Variance reduction admits an efficient streaming update during a threshold sweep. Track the running count, the running sum $\sum y$, and the running sum of squares $\sum y^2$ for the left child. The left sum of squared errors is

\[ \text{SSE}_L = \sum y^2 - \frac{(\sum y)^2}{n_L}, \]

with the right side obtained by subtracting from the parent totals. Each candidate threshold updates these accumulators in constant time, so a full sweep over a sorted feature costs $O(n)$ after the sort.

102.6 6. Handling Continuous and Categorical Features

102.6.1 6.1 Continuous Features and Threshold Search

A continuous feature is split by a test of the form $x_j \le t$. To find the best threshold, sort the node samples by feature $x_j$ and consider thresholds between consecutive distinct values, conventionally the midpoints. There are at most $n - 1$ candidate thresholds. As the sweep moves a sample from the right child to the left child, the class counts (for Gini or entropy) or the running sums (for variance) update incrementally, so evaluating all thresholds costs $O(n)$ after the $O(n \log n)$ sort. Only midpoints where the label or target actually changes can be optimal, which prunes the candidate set further.

sort samples in node by feature x_j
init left counts empty, right counts full
for each sample in sorted order:
    move it from right to left
    if next value differs:
        score split at midpoint via impurity decrease
        keep best

102.6.2 6.2 Categorical Features

A categorical feature with $L$ levels can be split in several ways. A multiway split creates one child per level, which is what ID3 and C4.5 do, with the gain ratio guarding against the resulting fragmentation. A binary split partitions the levels into two groups, which is what CART does, but the number of nontrivial binary partitions is $2^{L-1} - 1$ and grows exponentially.

For binary classification and for regression there is a shortcut that avoids the exponential search. Order the levels by their mean target value (or, for binary classification, by the empirical probability of the positive class), then treat that ordering like a continuous feature and search only the $L - 1$ thresholds along it.
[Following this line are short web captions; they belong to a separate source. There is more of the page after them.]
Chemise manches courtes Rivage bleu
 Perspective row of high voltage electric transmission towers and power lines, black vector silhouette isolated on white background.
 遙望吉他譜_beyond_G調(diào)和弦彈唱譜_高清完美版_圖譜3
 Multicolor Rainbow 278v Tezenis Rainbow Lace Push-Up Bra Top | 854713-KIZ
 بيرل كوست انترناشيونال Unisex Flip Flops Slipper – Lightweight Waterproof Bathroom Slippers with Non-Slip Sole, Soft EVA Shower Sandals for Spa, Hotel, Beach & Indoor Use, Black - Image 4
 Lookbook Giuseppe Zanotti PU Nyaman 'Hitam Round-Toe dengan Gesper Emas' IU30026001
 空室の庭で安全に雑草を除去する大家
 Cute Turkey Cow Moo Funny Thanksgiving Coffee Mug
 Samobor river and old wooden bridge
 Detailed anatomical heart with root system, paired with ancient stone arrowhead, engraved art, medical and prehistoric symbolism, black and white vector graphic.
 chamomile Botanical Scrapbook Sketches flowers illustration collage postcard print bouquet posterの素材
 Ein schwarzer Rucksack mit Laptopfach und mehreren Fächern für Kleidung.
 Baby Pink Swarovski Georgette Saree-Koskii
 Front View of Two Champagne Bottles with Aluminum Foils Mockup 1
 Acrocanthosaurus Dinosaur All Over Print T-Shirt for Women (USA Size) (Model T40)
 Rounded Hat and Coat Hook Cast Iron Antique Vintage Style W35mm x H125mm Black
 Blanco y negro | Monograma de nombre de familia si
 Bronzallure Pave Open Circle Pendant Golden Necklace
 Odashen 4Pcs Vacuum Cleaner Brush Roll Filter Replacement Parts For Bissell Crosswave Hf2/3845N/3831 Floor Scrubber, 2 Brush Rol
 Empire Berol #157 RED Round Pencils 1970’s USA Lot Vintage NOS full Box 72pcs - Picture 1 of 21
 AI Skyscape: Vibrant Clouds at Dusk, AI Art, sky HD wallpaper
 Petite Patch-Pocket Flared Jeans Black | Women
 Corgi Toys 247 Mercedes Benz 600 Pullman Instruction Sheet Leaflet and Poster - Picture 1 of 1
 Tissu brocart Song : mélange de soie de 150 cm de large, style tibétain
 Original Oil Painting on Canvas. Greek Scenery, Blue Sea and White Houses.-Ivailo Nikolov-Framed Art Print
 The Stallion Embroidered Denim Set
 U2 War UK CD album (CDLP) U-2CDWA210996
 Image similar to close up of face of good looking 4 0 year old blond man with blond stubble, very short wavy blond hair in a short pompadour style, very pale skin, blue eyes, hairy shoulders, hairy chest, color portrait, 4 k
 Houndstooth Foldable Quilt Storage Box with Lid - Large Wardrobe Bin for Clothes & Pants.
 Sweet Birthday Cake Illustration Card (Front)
This ordering provably contains an optimal binary partition for these objectives, so the search collapses from exponential to linear in $L$. For multiclass problems no such exact shortcut exists, and implementations resort to heuristics, one versus rest orderings, or one hot encoding.

102.6.3 6.3 Missing Values

C4.5 handles a missing attribute value by distributing the sample fractionally across the children in proportion to the observed split sizes, and weights its contribution to impurity accordingly. CART style trees instead learn surrogate splits, which are alternate tests on other features that best mimic the primary split, and route a sample with a missing primary value using the best available surrogate. Both approaches let a tree use partially observed rows rather than discarding them.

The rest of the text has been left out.